The mosquitoes predominantly bite during the day, but especially during mid-morning and late afternoon to dusk (as opposed to mosquitoes that transmit malaria, which bite at night between dusk and dawn).

What are the symptoms?

Symptoms include mild fever less than 38.5OC, conjunctivitis, headache, joint pain and skin rash. Symptoms usually last for two to seven days.

The incubation period for Zika virus is unclear, although it is thought to be between two and 12 days following the mosquito bite. One in four people bitten will go onto develop symptoms of the infection.

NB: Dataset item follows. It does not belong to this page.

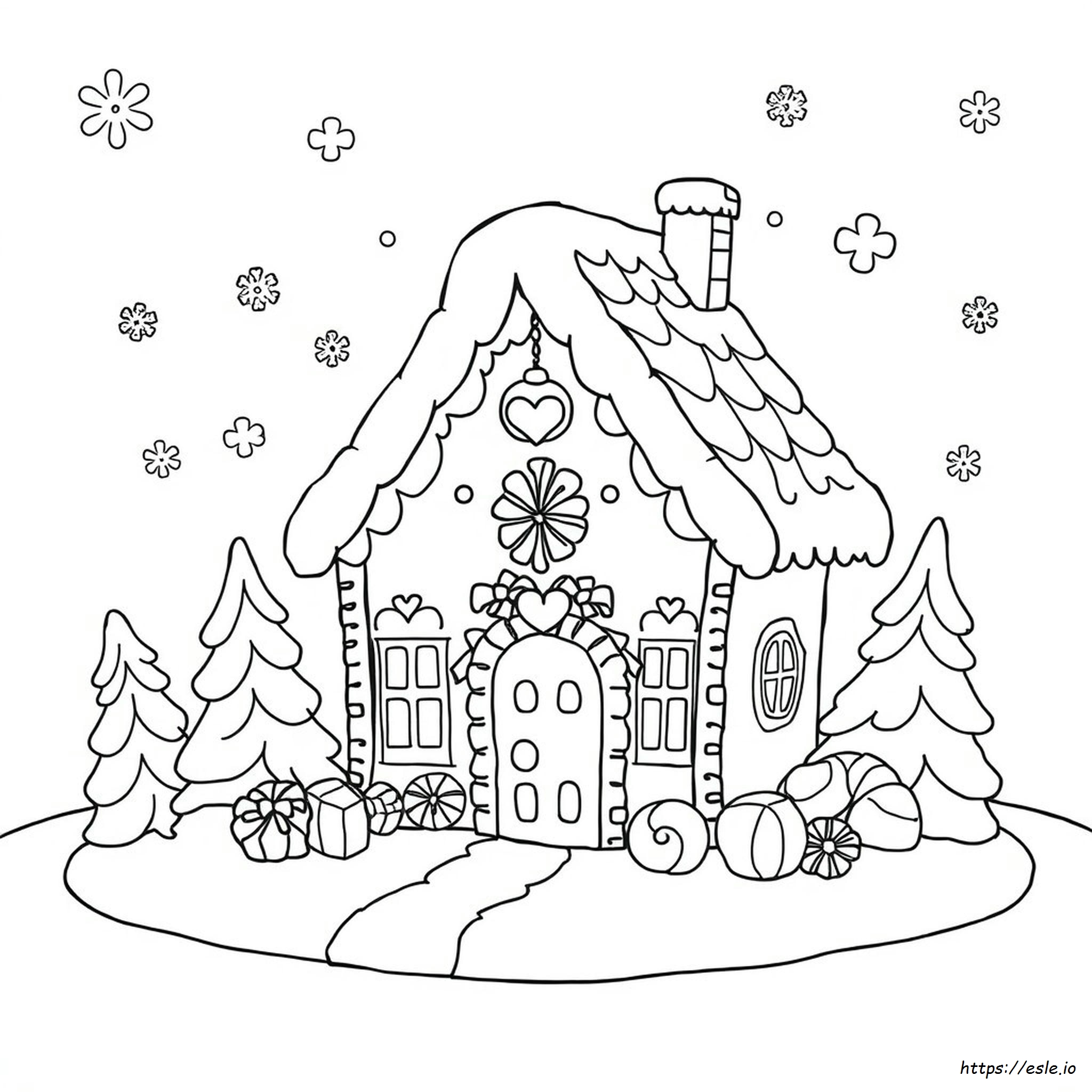 Gingerbread House Coloring Page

There is evidence to link Zika virus during pregnancy to babies born with microcephaly (abnormally small head), so it is recommended that anyone infected with the virus during pregnancy is monitored closely. More evidence is required before this can be fully confirmed.

How infectious is it?

Zika virus is rarely contagious, and is not spread through social contact with an infected person. Only one in five people will develop symptoms following infection.

Is it treatable?

There is no specific treatment for Zika virus. Rest, hydration and analgesia are usually sufficient to treat symptoms.  Most people fully recover without any complications; however, those infected are advised to seek further medical advice if symptoms worsen. Severe disease requiring hospitalisation is uncommon.

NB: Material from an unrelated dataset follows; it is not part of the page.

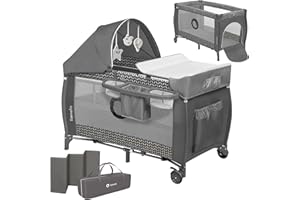 lionelo Sven Plus boîte 2 en 1 lit bébé, Table à Langer, Jouets, baldaquin Suspendu avec moustiquaire, entrée latérale supplémentaire Rouleaux, Mobiles, système LockGuard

Is there a vaccine available?

There is no vaccine available.

What precautions should I take?

Zika virus is not transmissible from person to person so normal standard precautions should be utilised.

Thorough hand decontamination should be undertaken before and after all patient contact, after the removal of protective clothing and following the cleaning of re-usable equipment and the environment. Compliance with bare below the elbows is vital for ensuring adequate hand decontamination.

Aprons and gloves must be worn during patient contact but must be removed and hands decontaminated following patient contact to limit the environmental spread of the bacteria.

After transporting a patient the ambulance surfaces and re-usable equipment should be cleaned using detergent/disinfectant wipes.

Pregnant women and Zika virus infection

Efforts are focussed on trying to prevent Zika virus infections in pregnant women or in women who are planning pregnancy. Such women should have pre-departure travel advice that includes considering avoiding non-essential travel to countries with active transmission until after pregnancy is concluded, and advice on measures that can be taken to limit infection risk when travel is unavoidable.

How do we transport patients?

There are no specific transport arrangements required for transporting patients infected with Zika virus. Transport should be undertaken as per usual process. 

What if I have been exposed?

Although there is no specific follow up or treatment required after transporting a potentially infectious patient, if you have transported a patient who you suspect to have Zika virus please notify the EOC.